There have been sweet comments and emails asking more about food in France, so we took the camera to the market this morning and snapped some pictures so I could write a proper post.
We love the food here. We’re so lucky to have easy access to fresh, local produce, and we think it’s wonderful that there’s a focus on what’s in season. When you buy something at the market, it will be placed in a little paper bag and the corners will be twisted up like this:
The bag is filled with 4 small avocados because I’ve been craving guacamole. Question: should I feel guilty if I still crave non-French foods from time to time? : )
We also bought some gorgeous dried apricots. They were placed in a little bag too. We only wanted a handful or so, but couldn’t remember how to say quarter kilo, so we asked for a half kilo instead. Hah!
At the dairy booth, we bought a nice big wedge of Carrouges cheese. We’ve heard it’s pretty mild and really, really good. I can’t wait to try it.
We also bought a pint of fresh milk at the dairy booth. The milk was in big buckets and it was fun to watch them ladle it into this bottle:
I’ve already had a glass full and it is wonderful.
The Tuesday market takes place right in the center of Argentan next to an ancient Cathedral. What a backdrop!
Seeing the variety of citrus makes me smile. And so does the beautiful handwriting on the signs.
At one of the booths, there were live chickens and duckings (I think?):
A woman was buying a live chicken, and the farmer boxed it up in a roomy cardboard box and cut holes for air. Will she keep it for eggs? Or cook it up for dinner? I’m so curious.
After the market, we stopped at the butcher and baker which are right next door.
One thing I never realized before we moved here, is that France (and all of Europe, I think) uses military time. The bakery closes at 19h30 — which means 7:30 pm. I’m still getting used to it.
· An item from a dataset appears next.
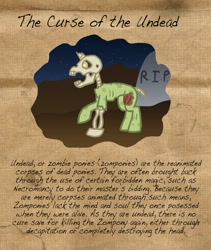 Size: 821x972 | Tagged: safe, artist:the-clockwork-crow, derpibooru import, undead, zombie, gravestone, text, zompony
My observations on food so far, in no particular order:
- There are charming independent shops — like butchers, cheesemakers and bakeries. There are farmers markets almost every day. And there are huge supermarkets as well. Which means you can choose to eat as old school, or packaged and convenient, as you prefer.
- There are bakeries everywhere. No really, they are everywhere — sometimes 2 or 3 on the same block. And they are excellent! We have diligently been trying every possible bakery item so that we can confidently choose our favorites. It’s a difficult job, but we are sticking to the task. : )
- We stop at a bakery daily. We haven’t narrowed it down to one specific favorite shop yet, but like the idea of becoming regulars somewhere. Most days, we pick up baguettes for that night’s dinner, and pain au chocolat (like a croissant with chocolate inside) for the next day’s breakfast.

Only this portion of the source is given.